Growing up as a kid on his family's farm in country Victoria, 300 kilometers out of Melbourne, Axle's dad was a farmer, while his mum - who Axle describes as an "opera, jazz and ballet nut" - would always drag him and his two older brothers along to all sorts of live music shows. At home, someone would always be playing something like Bob Dylan or Paul Simon or Creedence Clearwater Revival on the stereo. At the age of 10, Axle discovered AC/DC and wouldn't play anything else for a while. As a teenager, he fell in love with jazz and country music. In his late teens, once he'd left the family home and moved to Melbourne to attend the prestigious VCA, he was introduced to the world of cutting-edge electronica.

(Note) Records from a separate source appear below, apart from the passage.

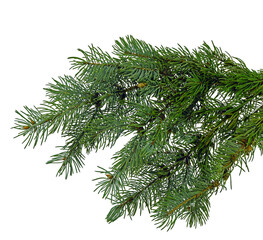 Christmas tree branch isolated on transparent, png for a Christmas decor. Branches close-up. Collection of Fir Branches
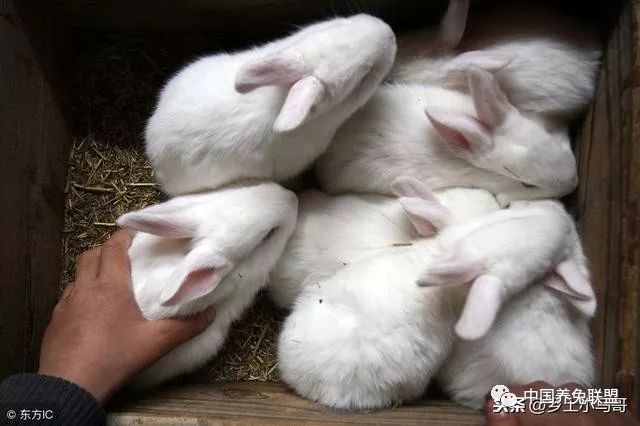 农村养兔技巧如何饲养兔子能降低成本兔子养殖多久可以出售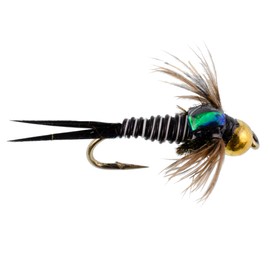 The Fly Fishing Place Bead Head Zebra Copper John Nymph Fly Fishing Flies - Set of 6 Flies Hook Size 16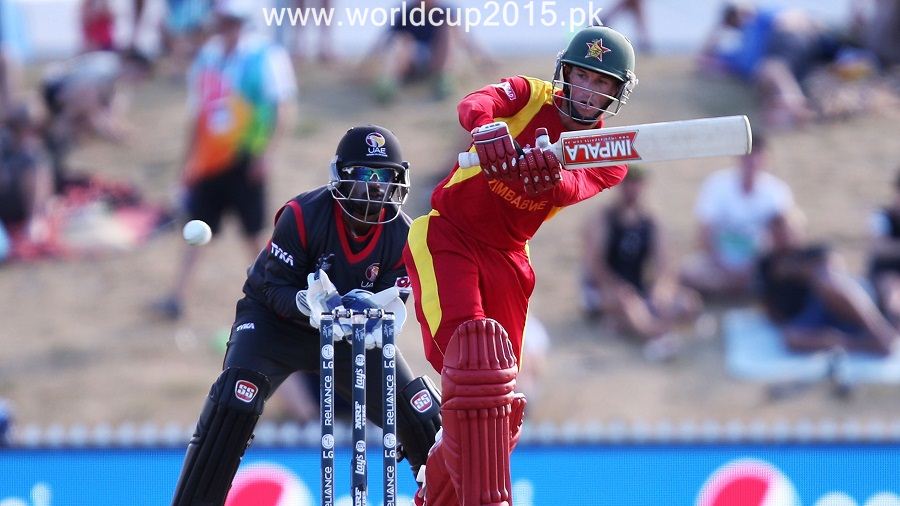 ZIM Vs UAE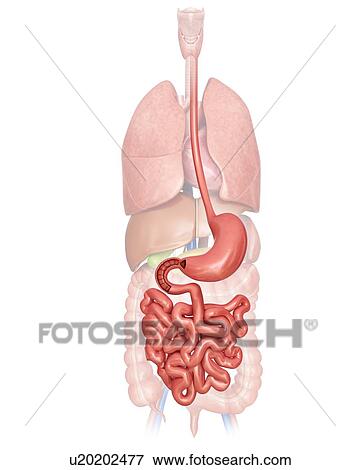 Stock Illustration - Human internal organs, computer illustration.. Fotosearch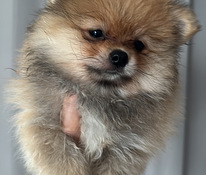 Pomeranian kutsikas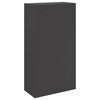 vidaXL Parcel Drop Box with Storage Black 44 x 22 x 82 cm Steel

So, Axle was happily travelling along, making a good living as a muso, when one day - just after getting back from a tour covering China's nightclubs, hotels and fun parks - a friend put him up to audition for a brand new television talent show called Australian Idol. Can't quite say "and the rest is history" because that cliché has never applied to Axle's life or career thus far. Axle thankfully didn't do that great in Idol - making it as far as the top 40 - but someone at the show's TV network, Network 10, immediately spotted Axle's potential and, out of nowhere, Axle was suddenly spending most of his time up in Sydney, hosting the most popular music television program in the country, Video Hits. "I got my ignorant musical blinkers off pretty quickly," Axle says about his introduction to the world of pop. From the moment he started on the show, Axle was suddenly interviewing and hanging out with some of the biggest names in modern popular music. For instance, his first couple of interviews included the Black Eyed Peas and The Dandy Warhols. "It really taught me the discipline of pop music and how hard it is to make good pop music," he says.

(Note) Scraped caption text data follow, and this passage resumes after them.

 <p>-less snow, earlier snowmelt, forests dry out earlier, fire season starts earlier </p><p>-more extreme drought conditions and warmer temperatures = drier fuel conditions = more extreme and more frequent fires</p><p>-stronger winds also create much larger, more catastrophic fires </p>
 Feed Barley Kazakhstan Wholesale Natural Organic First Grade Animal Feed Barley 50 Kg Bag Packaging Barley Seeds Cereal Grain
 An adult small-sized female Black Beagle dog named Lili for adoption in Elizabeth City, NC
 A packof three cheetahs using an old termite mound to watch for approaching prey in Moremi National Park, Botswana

Exactly how did Axle get from talking to the stars to creating and recording an album as contemporary and complex and as creative as "LOSING SLEEP". That involves a couple of other pivotal moments that also won't fit under any conventional "rest is history" banner.

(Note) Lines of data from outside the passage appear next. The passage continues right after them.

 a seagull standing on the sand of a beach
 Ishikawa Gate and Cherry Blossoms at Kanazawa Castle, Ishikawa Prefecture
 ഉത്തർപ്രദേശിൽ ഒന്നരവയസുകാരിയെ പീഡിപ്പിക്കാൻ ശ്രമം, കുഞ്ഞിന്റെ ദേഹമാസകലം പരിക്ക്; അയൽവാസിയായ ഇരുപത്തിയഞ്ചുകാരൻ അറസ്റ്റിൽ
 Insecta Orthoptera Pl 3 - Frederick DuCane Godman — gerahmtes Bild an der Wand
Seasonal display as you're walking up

In late-2006, Axle was invited to present a couple of prizes at the ARIA Awards and, well, there's no delicate way to put this - he exposed himself on stage. Perhaps he can blame all the training in improv - or maybe it was the alcohol - but what was meant as a bit of a rock & roll joke, a little larrikinism, didn't go down as frivolously as Axle might have thought - or not thought, as the case might be. Sure, Axle is sorry he did it, but to say some people overacted is an understatement. The upshot was that the time had abruptly come for Axle to leave Video Hits. "I found the whole thing, I suppose, slightly amusing and was just turning off the phone so no journos were asking any more questions," he says. "I went home to my folk's farm. I didn't know where everything was heading. So I spent the summer down at the farm, harvesting and shearing. Getting back to my roots, because I'm a farm boy at heart, and that is the best way for me to escape". "After about a month, I was going for a walk on my farm and I sat down and watched the sunset and I felt all this stress and this change just pouring off me. It was like, 'Wow, I'm a free man!' I thought, 'Great, I have no one to answer to, I can make the music I love to make, I can grow as a person.' Just freedom. And that was a really exciting thing."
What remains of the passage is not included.